:: TASK TO CARRY OUT ::
Please retype the line that contains "マクドナルド盛岡西バイパス本宮店のアルバイト写真(メイン)" and all lines that follow it to the end of the entries below, exactly as they stand, with nothing added.

:: GIVEN DATA ::

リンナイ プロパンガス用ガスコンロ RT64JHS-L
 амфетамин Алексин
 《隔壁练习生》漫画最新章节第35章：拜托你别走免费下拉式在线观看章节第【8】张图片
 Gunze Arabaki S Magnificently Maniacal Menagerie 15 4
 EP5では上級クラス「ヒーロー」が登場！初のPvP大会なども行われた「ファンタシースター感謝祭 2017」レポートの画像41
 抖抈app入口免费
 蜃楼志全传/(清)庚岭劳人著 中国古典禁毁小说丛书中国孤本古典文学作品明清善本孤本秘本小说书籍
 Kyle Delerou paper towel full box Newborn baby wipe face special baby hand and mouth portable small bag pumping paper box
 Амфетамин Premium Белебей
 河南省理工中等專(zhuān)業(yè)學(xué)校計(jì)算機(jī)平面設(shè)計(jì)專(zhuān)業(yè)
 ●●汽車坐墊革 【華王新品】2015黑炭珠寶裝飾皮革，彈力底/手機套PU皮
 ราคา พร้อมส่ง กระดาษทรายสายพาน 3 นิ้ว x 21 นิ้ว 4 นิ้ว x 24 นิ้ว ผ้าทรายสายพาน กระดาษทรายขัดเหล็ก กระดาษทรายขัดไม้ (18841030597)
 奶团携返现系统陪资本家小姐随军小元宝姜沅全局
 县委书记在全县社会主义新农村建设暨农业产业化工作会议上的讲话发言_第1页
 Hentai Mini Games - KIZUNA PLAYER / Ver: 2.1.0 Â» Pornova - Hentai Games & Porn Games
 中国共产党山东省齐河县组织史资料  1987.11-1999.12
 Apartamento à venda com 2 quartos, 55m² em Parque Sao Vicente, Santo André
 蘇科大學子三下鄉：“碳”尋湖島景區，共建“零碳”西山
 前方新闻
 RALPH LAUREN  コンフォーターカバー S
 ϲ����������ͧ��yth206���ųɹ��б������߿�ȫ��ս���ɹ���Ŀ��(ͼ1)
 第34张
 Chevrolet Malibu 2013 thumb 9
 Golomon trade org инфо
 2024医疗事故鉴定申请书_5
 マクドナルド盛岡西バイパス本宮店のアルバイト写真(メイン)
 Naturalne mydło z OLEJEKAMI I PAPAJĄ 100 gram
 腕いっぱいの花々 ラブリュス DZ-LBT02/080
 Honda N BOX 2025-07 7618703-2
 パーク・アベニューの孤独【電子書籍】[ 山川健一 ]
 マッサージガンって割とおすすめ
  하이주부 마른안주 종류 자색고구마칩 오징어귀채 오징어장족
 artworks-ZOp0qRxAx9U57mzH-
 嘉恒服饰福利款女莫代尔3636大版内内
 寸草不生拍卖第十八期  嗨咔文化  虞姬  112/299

:: WRITTEN SOLUTION ::
 マクドナルド盛岡西バイパス本宮店のアルバイト写真(メイン)
 Naturalne mydło z OLEJEKAMI I PAPAJĄ 100 gram
 腕いっぱいの花々 ラブリュス DZ-LBT02/080
 Honda N BOX 2025-07 7618703-2
 パーク・アベニューの孤独【電子書籍】[ 山川健一 ]
 マッサージガンって割とおすすめ
  하이주부 마른안주 종류 자색고구마칩 오징어귀채 오징어장족
 artworks-ZOp0qRxAx9U57mzH-
 嘉恒服饰福利款女莫代尔3636大版内内
 寸草不生拍卖第十八期  嗨咔文化  虞姬  112/299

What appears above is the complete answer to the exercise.